In many people’s minds, fairness is everyone receiving exactly what he or she deserves. If God were completely “fair,” by this definition, we would all spend eternity in hell paying for our sin, which is exactly what we deserve. We have all sinned against God (Romans 3:23) and are therefore worthy of eternal death (Romans 6:23). If we “fairly” received what we deserve, we would end up in the lake of fire (Revelation 20:14–15). But God is merciful and good, so He sent Jesus Christ to die on the cross in our place, taking the punishment that we deserve (2 Corinthians 5:21).
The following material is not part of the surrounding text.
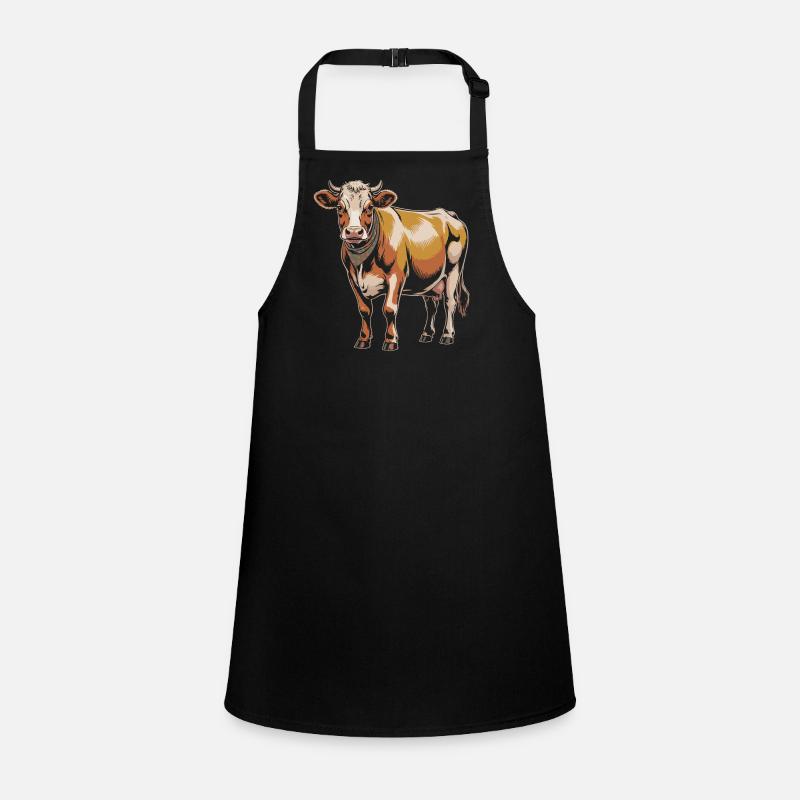 Portrait de vache avec bandana dans les tons de terre Tablier Enfant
All we have to do is believe in Christ and we will be saved, and we will receive an eternal home in heaven (John 3:16). With the sacrifice of Christ, God maintains His “fairness” in that sin is adequately punished.
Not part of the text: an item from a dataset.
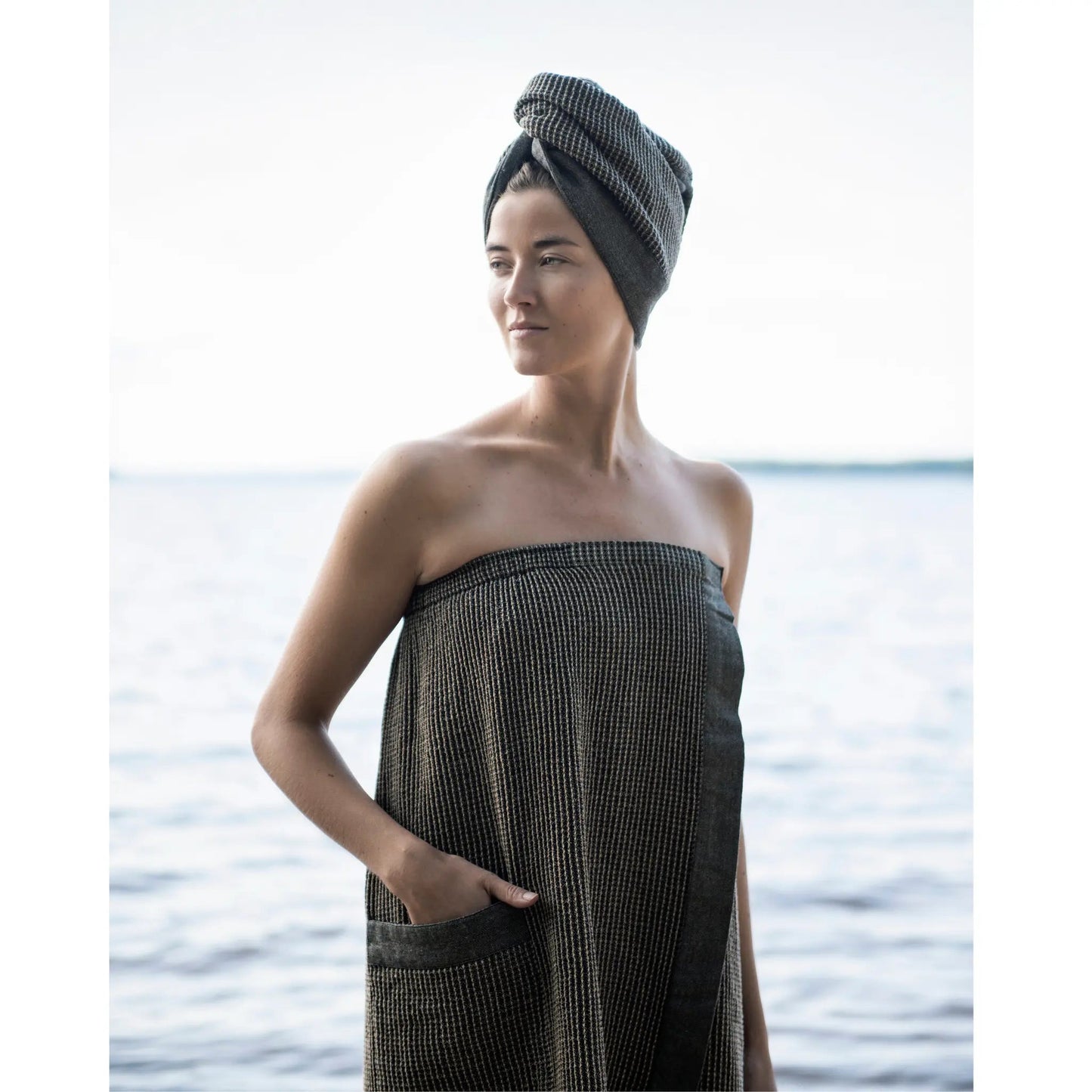 Rento Kenno Sarong Brown Sauna Towel | Finnmark Sauna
A synonym for fair is just, and the Bible is unequivocal that God is just: “He is the Rock, his works are perfect, and all his ways are just. A faithful God who does no wrong, upright and just is he” (Deuteronomy 32:4; see also 2 Chronicles 19:7; Romans 9:14; and 2 Thessalonians 1:6). God is “fair” in that He is unbiased, honest, and just. Peter, standing in a Gentile’s home and seeing the work of the Holy Spirit, said, “I now realize how true it is that God does not show favoritism but accepts from every nation the one who fears him and does what is right” (Acts 10:34–35). God is eminently fair. He treats no one wrongly.
Despite God’s loving grace, no one would believe in Him on his own (Romans 3:10–18). According to Romans 8:29-30, God predetermined that certain individuals would be conformed to the likeness of His Son, be called, justified, and glorified. Numerous scriptures refer to believers in Christ being chosen (Matthew 24:22, 31; Mark 13:20, 27; Romans 8:33, 9:11, 11:5-7, 28; Ephesians 1:11; Colossians 3:12; 1 Thessalonians 1:4; 1 Timothy 5:21; 2 Timothy 2:10; Titus 1:1; 1 Peter 1:1-2, 2:9; 2 Peter 1:10). Some argue that this does not seem “fair” in the eyes of those who believe fairness requires everyone to be treated exactly the same way. In election, it appears that God is not treating all people equally. While it might appear this way, the Bible also says that we must respond to what God has revealed about Himself. Romans 1:26 tells us: "For since the creation of the world God’s invisible qualities—his eternal power and divine nature—have been clearly seen, being understood from what has been made, so that people are without excuse."
All who believe in Jesus Christ will be saved (John 3:16; Romans 10:9-10). All who turn to Him based on what they know of Him, as Rahab did, will be saved. The Bible never describes God rejecting anyone who believes in Him or turning away anyone who is seeking Him (Deuteronomy 4:29). The truths of God’s sovereign predestination and also man’s responsibility are not mutually exclusive. Somehow, in the mystery of God, predestination works hand-in-hand with a person being drawn by God (John 6:44) and believing unto salvation (Romans 1:16). God predestines who will be saved, and we must also choose Christ in order to be saved. Both facts are equally true. While this might seem unfair in the eyes of man, it is not. God saving some is not unfair to those who remain unsaved. Those who refuse to turn to Him receive precisely what they deserve and desire.
Those whom God has chosen are receiving God’s love and grace. But, when God draws our hearts and opens our minds, we have the opportunity to respond to the revelation of the creation around us (Psalm 19:1–3) and the conscience within us (Romans 2:15) and turn to God. Those who do not respond will receive what they truly deserve because of their rejection of Him. Their punishment is fair (John 3:18, 36). Those who believe are receiving far better than they deserve. No one, though, is being punished beyond what he or she deserves. Is God fair? Yes. He is also gracious, merciful, and forgiving.